Imagine you’re gazing at a marketplace in a foreign country. Perhaps it’s in a desert town, laid out with gaudy stalls. You can see buses to different destinations scattered around a depot. You’re a traveller, looking for a guide to take you on a difficult journey. Guides come up to you asking you where you want to go, and telling you that they can get you there – “no problem!” You wonder how to find someone you can trust to help you get safely to where you want to go? This is the problem faced by many travellers on life’s journey. Only, the marketplace is the internet, the stalls are websites, and the guides are therapists.
Recommendation
You could take the recommendation of a friend, which may work so long as your friend is in a similar place, and shares your preferences and objectives. Or you could look at a listing of qualified therapists: if they’re qualified and still practising, you may think they’re OK. But this is like choosing a driver by looking at hotel’s list, then asking to see their driving licence. Do you trust whoever made the list? And is the fact that they’ve got their licence enough for you?
School of psychotherapy
If you know something about psychotherapy, you could choose a therapist from a list put out by whatever school of psychotherapy you favour. Many schools of psychotherapy have developed, each with its own maps of the mind, showing particular hazards and ways out of them. Each has its own jargon, its own lore and its own association. If you’re comfortable with that school’s way of seeing the world, then choosing it could make for a harmonious journey. But beware: none of these schools has a complete map of the human landscape, and much of their lore may be word-of-mouth plus reverence for some founding father.
Evidence based psychotherapy
You could choose a therapist with scientific credentials: the kind of guide who is also a trained surveyor. Psychological science has mapped the human landscape pretty thoroughly with its surveys, and clinical psychologists use this information in their practice. If they’re true to their training, they’ll take a surveyor-like approach to therapy, giving you surveys to complete and proceeding in an orderly fashion. Personally, I think this approach to therapy is the most informative and reliable, and there’s a whole movement of “evidence based therapy” behind it which tries to validate particular treatments for particular problems. However, just as someone can be a good surveyor without being a good guide, so a therapist can assess you thoroughly and plan your treatment without being able to use that information to help you with the practicalities of getting to your destination.
Experience
You’re wanting a guide who has escorted people successfully to wherever you want to get to in life, and has helped people get over the kind of obstacles you face.

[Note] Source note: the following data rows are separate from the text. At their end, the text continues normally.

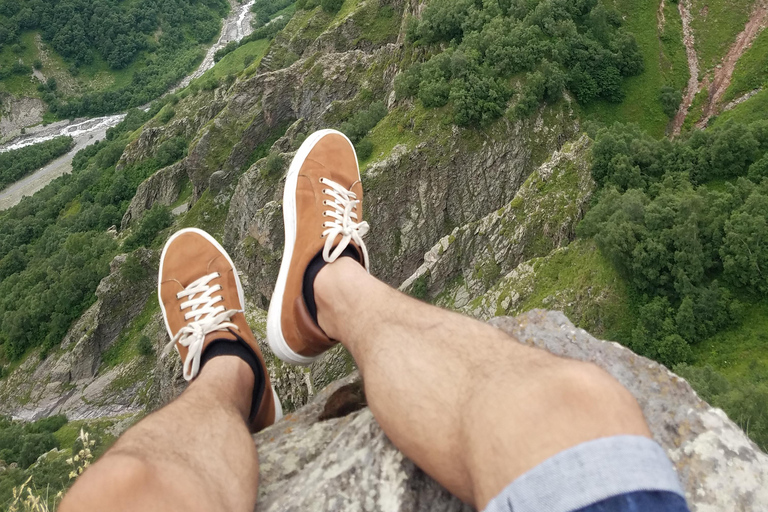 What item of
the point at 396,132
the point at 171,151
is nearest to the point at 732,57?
the point at 396,132

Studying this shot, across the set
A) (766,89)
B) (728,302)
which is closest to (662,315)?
(728,302)

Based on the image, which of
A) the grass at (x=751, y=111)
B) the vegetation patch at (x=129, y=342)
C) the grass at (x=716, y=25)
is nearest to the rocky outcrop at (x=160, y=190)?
the vegetation patch at (x=129, y=342)

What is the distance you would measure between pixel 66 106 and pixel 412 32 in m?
104

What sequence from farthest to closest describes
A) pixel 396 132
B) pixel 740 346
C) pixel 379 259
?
pixel 396 132, pixel 379 259, pixel 740 346

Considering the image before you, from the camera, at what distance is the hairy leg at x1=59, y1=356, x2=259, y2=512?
7.00 ft

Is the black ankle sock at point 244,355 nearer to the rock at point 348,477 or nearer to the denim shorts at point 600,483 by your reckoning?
the rock at point 348,477

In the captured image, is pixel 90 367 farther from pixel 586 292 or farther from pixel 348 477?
pixel 348 477

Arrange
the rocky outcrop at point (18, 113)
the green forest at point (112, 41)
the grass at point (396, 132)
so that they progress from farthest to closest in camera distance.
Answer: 1. the green forest at point (112, 41)
2. the rocky outcrop at point (18, 113)
3. the grass at point (396, 132)

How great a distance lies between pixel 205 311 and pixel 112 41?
138 m

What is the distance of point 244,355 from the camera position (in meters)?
4.71

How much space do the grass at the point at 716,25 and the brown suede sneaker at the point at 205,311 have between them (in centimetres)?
3373

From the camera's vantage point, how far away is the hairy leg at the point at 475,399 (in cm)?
189

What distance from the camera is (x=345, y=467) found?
2.74m

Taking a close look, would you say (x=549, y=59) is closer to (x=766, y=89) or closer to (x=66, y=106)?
(x=766, y=89) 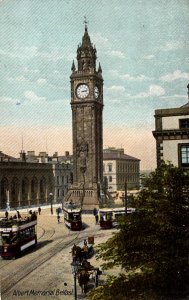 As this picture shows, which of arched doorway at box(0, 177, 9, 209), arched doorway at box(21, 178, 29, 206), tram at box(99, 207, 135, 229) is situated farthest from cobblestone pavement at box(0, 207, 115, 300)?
arched doorway at box(21, 178, 29, 206)

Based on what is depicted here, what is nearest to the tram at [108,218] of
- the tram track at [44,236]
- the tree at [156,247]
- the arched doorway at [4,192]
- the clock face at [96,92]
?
the tram track at [44,236]

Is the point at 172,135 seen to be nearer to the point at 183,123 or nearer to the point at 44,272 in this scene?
the point at 183,123

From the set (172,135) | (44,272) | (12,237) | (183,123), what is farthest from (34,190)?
(44,272)

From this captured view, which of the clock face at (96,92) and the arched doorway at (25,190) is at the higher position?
the clock face at (96,92)

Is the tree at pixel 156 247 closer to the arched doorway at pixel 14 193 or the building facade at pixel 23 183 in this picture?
the building facade at pixel 23 183

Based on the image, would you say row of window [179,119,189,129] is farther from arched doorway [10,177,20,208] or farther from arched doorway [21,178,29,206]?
arched doorway [21,178,29,206]

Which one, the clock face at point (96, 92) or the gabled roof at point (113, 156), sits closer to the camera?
the clock face at point (96, 92) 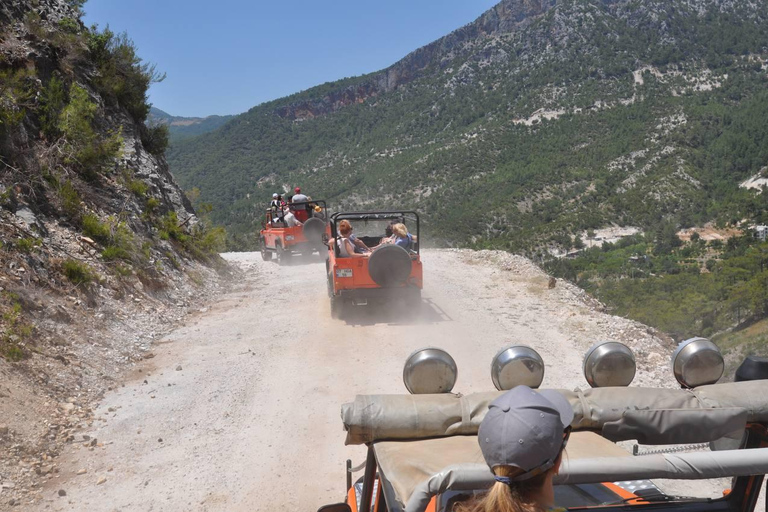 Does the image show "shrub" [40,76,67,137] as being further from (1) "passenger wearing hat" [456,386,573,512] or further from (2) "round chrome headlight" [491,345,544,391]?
(1) "passenger wearing hat" [456,386,573,512]

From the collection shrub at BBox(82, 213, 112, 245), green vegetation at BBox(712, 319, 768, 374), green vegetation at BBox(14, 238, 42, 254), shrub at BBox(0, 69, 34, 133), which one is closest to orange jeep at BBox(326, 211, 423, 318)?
shrub at BBox(82, 213, 112, 245)

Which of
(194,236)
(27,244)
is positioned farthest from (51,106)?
(27,244)

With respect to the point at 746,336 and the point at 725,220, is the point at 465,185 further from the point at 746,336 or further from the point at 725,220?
the point at 746,336

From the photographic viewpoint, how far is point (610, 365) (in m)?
3.09

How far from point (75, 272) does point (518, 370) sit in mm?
7463

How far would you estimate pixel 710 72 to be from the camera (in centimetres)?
7425

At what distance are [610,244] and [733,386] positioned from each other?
176 feet

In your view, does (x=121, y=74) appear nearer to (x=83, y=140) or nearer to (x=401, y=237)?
(x=83, y=140)

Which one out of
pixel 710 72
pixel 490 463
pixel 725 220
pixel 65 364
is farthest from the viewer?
pixel 710 72

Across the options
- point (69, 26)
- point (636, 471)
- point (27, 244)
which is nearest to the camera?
point (636, 471)

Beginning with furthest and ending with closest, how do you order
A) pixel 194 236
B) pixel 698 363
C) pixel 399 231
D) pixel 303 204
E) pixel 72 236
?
1. pixel 303 204
2. pixel 194 236
3. pixel 399 231
4. pixel 72 236
5. pixel 698 363

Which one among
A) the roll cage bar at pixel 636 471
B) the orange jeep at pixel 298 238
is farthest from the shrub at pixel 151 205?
the roll cage bar at pixel 636 471

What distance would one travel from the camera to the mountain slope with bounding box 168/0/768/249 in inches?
2293

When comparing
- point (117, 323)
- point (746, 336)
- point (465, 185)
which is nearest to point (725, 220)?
point (465, 185) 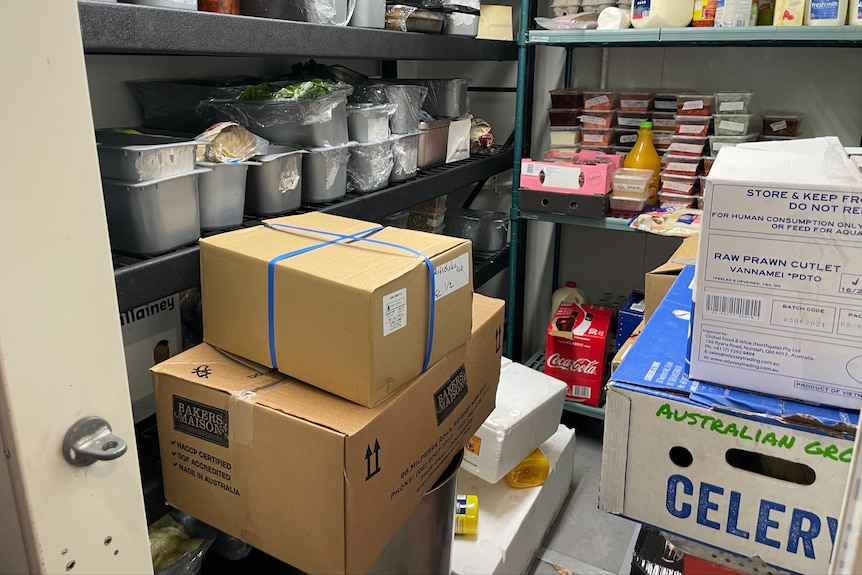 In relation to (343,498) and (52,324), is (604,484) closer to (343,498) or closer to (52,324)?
(343,498)

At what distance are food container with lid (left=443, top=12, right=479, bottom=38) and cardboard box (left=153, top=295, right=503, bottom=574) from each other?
3.76 ft

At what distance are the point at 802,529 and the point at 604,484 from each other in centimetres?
21

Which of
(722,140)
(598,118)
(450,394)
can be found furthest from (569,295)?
(450,394)

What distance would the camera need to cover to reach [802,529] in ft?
2.34

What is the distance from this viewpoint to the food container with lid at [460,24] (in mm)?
1922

So you need to talk to the therapist about the problems you’re facing, and ask them whether and how they’ve helped people with similar problems in the past. Some problems are very specialised, and for those problems you’ll be wanting someone with specialist skills. But most problems people face are the stuff of human life, which experienced therapists will have seen before. So asking a therapist about experience will eliminate relatively few of the candidates.
Process
Maybe you have several places you want to get to in life: you may want to get out of the depression you’re in, and move towards a successful career, whilst avoiding whatever traps and pitfalls which you’re most anxious about. You may also be yearning for a good relationship. If so, you could ask each therapist what route they might take to help you over your problems to where you want to be, and in what order. You’ll be looking for a therapist who offers a clear itinerary which takes in all your destinations.
If your starting point and preferred destination on life’s journey is like that of most travellers, then you will find that clear routes have been laid out, like regular bus services. There are established treatment protocols for common problems like depression, generalised anxiety, and low self-esteem. A lot of people who take the established routes to popular destinations get where they want to get to, but not all.
Exploration
Perhaps, however, you want to go your own way, to explore your inner landscape. Or you don’t know where you want to go in life. If so, you won’t be satisfied by therapy with a set itinerary, and you may not even want to have the kind of scientific surveys that psychologists use. You may want to be inspired, to treat your exploration as a personal quest. In which case, you may be looking for the therapist equivalent of a tracker: someone who helps you learn the moment-by-moment skills of observing the clues in your inner and outer world, and following them wherever they lead.
Whatever therapist you’re looking for, talk to them, and pick someone whom you feel an affinity for. When you’ve done that, you’re ready to start the journey.